The Human Touch in Agriculture

Montana Living, montana agriculture, my montana farmer, Marco Maneta University of Montana geosciences associate professor

How humans excel at predicting crop quality

Montana farmers have long watched their crops to gauge how well they are doing.

Though this process of agriculture may not seem too scientific, new research from the University of Montana and the Spanish Research Council suggests this type of evaluation can produce a lot of high-value information for crop monitoring and yield production.

Marco Maneta is a University of Montana geosciences associate professor and co-author of the study, which was published in the Proceedings of the National Academy of Sciences. His team developed methods that strip all perception and judgment bias from categorical assessments of crop status performed by U.S. Department of Agriculture surveyors.

“Once the biases are removed, people become amazing sensors of crop status,” Maneta said. “This is because humans have the capacity to integrate contextual information into their assessment that standard sensors typically don’t capture, such as prior meteorological conditions, agricultural practices and technology, and other relevant nuances that are difficult to measure or quantify.”

The USDA conducts weekly qualitative surveys of crop status during the growing season for all major crops in the U.S. Maneta said these surveys are an important source of information for policymakers, market analysts and farm insurance companies, among others.
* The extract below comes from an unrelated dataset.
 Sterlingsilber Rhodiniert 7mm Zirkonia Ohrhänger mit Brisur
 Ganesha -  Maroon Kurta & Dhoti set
The surveys started in the mid-1980s and can be used to study how production responds to varying climate conditions.

“These visual surveys have been available for a long time but have been underutilized by physical scientists for research purposes because human judgment is subjective and has been deemed unreliable for scientific studies,” said study lead author Santiago Begueria of the Spanish Research Council.
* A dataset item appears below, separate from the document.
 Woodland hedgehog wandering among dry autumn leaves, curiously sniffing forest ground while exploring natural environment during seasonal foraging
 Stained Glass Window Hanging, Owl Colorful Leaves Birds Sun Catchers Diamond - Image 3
THE PERSONAL BIAS OF FARMING

What are some of the biases people have?

Maneta said some surveyors are simply more optimistic in their evaluations because of their personalities. Some are more sensitive to recognizing signs such as dryness, while others are overly influenced by recent weather events.
            “Bias also can be introduced if the person has selective memory and tends to remember years with better-than-normal conditions,” he said.
Maneta said they converted qualitative surveys into a continuous quantitative metric of crop conditions that removed the personal or location biases of the surveyors. This creates a strong crop-condition metric that can be used for scientific analysis or for crop monitoring and early warning systems.
“Our new crop-condition metric was shown to predict crop yields mid-season more accurately that the predictions issued by the USDA or the predictions used by analysts,” Maneta said.

“It can also be used to anticipate the impacts of drought on agriculture and inform where to allocate relief funds, which has the potential to reduce agricultural market volatility and improve food security.”